The 32nd Assembly district includes the cities of Delavan and Lake Geneva, townships of Bloomfield, Delavan, East Troy, Geneva, Lafayette, Linn and Springfield, and villages of East Troy and Genoa City.

August, 35, was elected in 2010 and since 2013, has been elected as the State Assembly’s Speaker Pro Tempore. He said there are several issues important to him including “holding the line on taxes, protecting pre-existing conditions, improving our schools and keeping the government out of our healthcare decisions.”

He said he’s voted based on those priorities “and will continue to do so in the future. Wisconsin is better off today than it was eight years ago.”

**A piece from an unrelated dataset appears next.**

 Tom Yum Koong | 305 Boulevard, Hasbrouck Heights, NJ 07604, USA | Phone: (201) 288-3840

According to August, this election offers a choice between building “on our success as a state or returning to the failed policies of the past.”

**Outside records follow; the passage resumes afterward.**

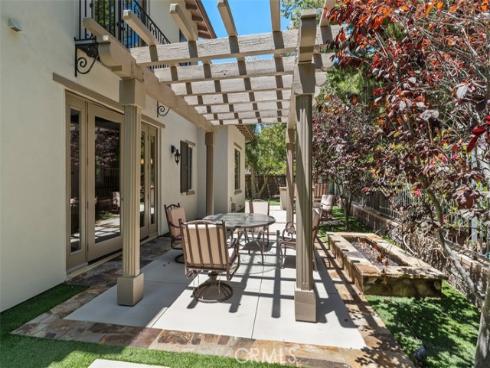 34 Tall Hedge , Irvine, CA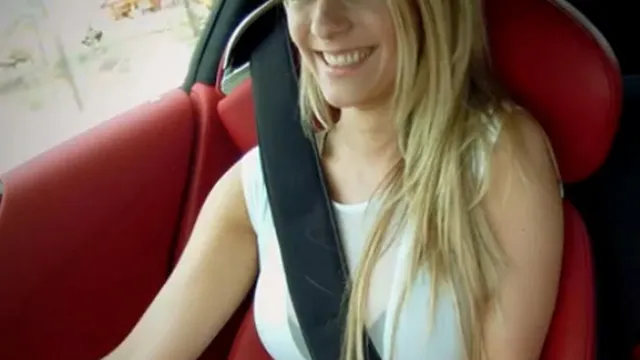 Thêm siêu mẫu "ngực bự" ngồi siêu xe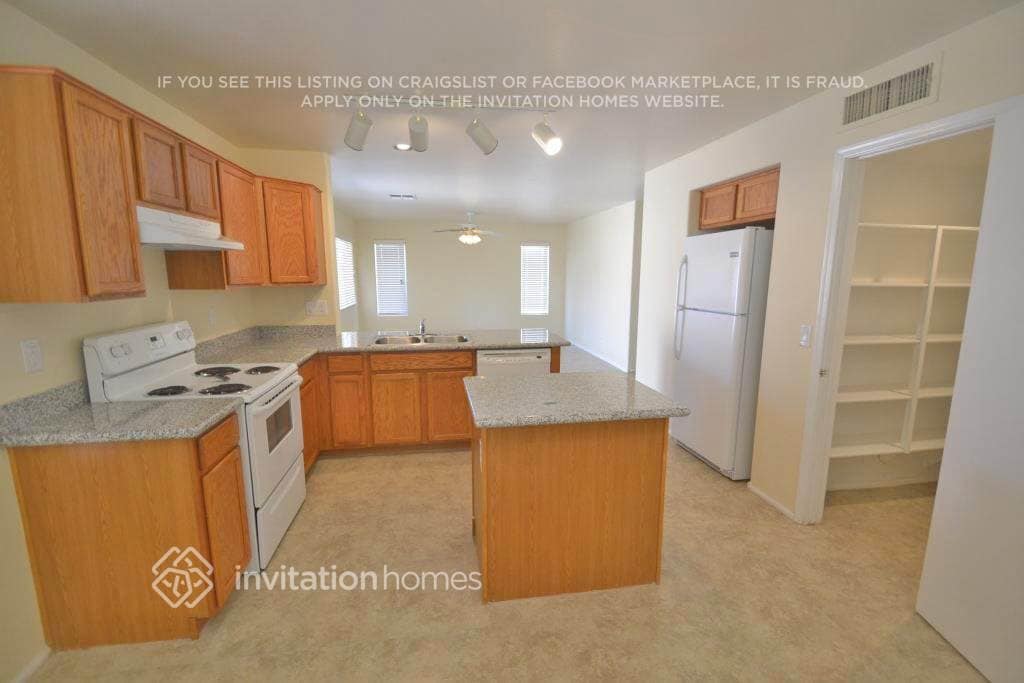 Building Photo - 16684 W Culver St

Among the successes to build on, August said, are holding the line on property taxes, cutting taxes more than $8 billion and unemployment being at a historic low.

Other areas of focus for August include ensuring a strong business climate for a healthy economy, lowering the tax burden, investing in education and workforce development, implementing government reforms, and protecting rights and freedoms.

Gaulke, 40, resigned from her position with the WAFCC to run her campaign for the 32nd Assembly, and said she set out wanting to engage people that either haven’t voted at all, or haven’t voted consistently.

“The community support and our team of volunteers are people that have never been involved in politics who are now active and talking about taking their children to the polls to show them how important it is to vote,” Gaulke said.

If elected, Gaulke said one of her top priorities will be to address healthcare issues.

“Protecting pre-existing conditions and bringing down copays and deductibles, those are important. Healthcare should be affordable and it’s not,” Gaulke said.

Another issue, she said, is addressing the funding formulas that put some districts at an unfair advantage.

“We need to fully fund our public school system. If the state offers student loans at a lower interest rate, say 4 percent, it’s a win-win situation. We’ll get a return on our investment that will go toward helping our public schools,” Gaulke said.

Other issues Gaulke will support if elected include legalization of marijuana, nonpartisan redistricting, and small business, manufacturers and farmers within the greater community of the district.

Gaulke said she’s an advocate, not a politician.

“We have to think outside the box and need to create opportunities to fund programs,” she said.